The horrific story of a Rutland, Vermont foster family’s bout with bed bugs and subsequent failed treatment, followed by the alleged application of the banned pesticide chlorpyrifos by a second pest control company, suggests some changes need to be made to how bed bugs are treated — and that education about how to deal with bed bugs needs to be more widespread.
Vermont Public Radio (VPR) reported today on the story of Neil and Patricia Whitney, who have been foster parents for 21 years (and were deemed Rutland’s Foster Parents of the Year in 2008). Two years ago, the family took in a foster child who had bed bugs, on the condition that the Vermont Dept. of Children and Families would pick up the bill for treatment, if it ended up being necessary later. It’s not clear whether DCF also offered any educational materials on how to prevent the spread of bed bugs (such as using a Packtite or the dryer to treat clothing and items worn or brought into the home).
Had the foster child’s clothing and belongings simply been treated before her arrival, the problem would likely have been prevented. Instead, a month later, the Whitneys discovered they had bed bugs.
Vermont Public Radio reports that DCF then asked the family to self-treat for bed bugs:
At first, the Whitney’s said they were given cans of bug spray and told to take care of the problem themselves. When that didn’t work, the state hired a company called Nature’s Way.

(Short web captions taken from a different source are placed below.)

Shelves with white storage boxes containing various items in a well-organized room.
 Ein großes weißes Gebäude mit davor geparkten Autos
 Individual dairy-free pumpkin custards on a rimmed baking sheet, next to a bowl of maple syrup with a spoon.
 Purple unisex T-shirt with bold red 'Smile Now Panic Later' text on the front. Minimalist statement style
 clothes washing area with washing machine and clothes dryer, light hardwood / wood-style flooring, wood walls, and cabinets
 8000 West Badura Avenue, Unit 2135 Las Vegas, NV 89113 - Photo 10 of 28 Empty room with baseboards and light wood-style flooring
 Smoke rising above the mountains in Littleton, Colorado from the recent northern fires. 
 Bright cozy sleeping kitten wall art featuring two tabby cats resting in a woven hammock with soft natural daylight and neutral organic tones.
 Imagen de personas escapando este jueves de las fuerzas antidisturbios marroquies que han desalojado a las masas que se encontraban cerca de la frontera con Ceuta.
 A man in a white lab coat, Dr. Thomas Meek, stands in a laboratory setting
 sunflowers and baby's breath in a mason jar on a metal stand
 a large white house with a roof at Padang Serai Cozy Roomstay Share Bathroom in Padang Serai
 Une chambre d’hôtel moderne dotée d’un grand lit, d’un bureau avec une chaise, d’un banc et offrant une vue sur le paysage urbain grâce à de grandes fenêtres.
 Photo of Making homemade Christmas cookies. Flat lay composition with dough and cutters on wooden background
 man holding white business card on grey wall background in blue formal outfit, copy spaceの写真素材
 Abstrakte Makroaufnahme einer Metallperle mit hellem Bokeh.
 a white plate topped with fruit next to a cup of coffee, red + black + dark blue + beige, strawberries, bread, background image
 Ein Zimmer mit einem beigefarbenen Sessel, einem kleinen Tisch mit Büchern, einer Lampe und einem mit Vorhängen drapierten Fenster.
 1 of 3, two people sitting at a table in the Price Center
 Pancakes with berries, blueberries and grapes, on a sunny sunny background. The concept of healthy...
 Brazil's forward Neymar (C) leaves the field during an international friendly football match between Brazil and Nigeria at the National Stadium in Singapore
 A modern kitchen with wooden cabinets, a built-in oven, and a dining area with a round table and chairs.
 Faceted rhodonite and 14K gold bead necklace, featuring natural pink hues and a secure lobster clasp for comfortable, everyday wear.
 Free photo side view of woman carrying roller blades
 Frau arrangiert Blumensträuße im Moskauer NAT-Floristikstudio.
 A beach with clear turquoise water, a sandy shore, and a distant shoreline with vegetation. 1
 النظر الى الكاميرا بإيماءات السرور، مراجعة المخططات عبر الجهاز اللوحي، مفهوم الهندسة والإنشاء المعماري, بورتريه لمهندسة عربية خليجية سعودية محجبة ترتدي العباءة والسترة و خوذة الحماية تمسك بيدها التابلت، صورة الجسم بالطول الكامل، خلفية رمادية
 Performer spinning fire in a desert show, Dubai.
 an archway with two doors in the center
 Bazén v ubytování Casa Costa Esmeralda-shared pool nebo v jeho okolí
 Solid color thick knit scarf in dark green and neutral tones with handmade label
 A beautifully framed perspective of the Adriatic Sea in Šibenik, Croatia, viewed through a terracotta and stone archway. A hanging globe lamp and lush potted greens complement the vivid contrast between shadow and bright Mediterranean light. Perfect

Patricia and Neil said despite multiple treatments, their bedbug problem worsened. “I told them several times that I didn’t think it was working,” said Patricia. “I told social workers, I told the resource coordinator, I told the district coordinator.”
Starting with self-treatment was not a good idea.
And then when a professional pest control team was brought in, the state hired Nature’s Way, a company whose website suggests they use Cryonite (freezing CO2) and Actisol Fog Machines in treating bed bugs, though we do not know if these were the methods in use in this case.
When the bed bugs persisted, things went from bad to worse. VPR reports that in April 2013, the state hired Cary Buck of AAA Accredited Pest Control which DFC claimed was the Dept. of Health’s go-to company.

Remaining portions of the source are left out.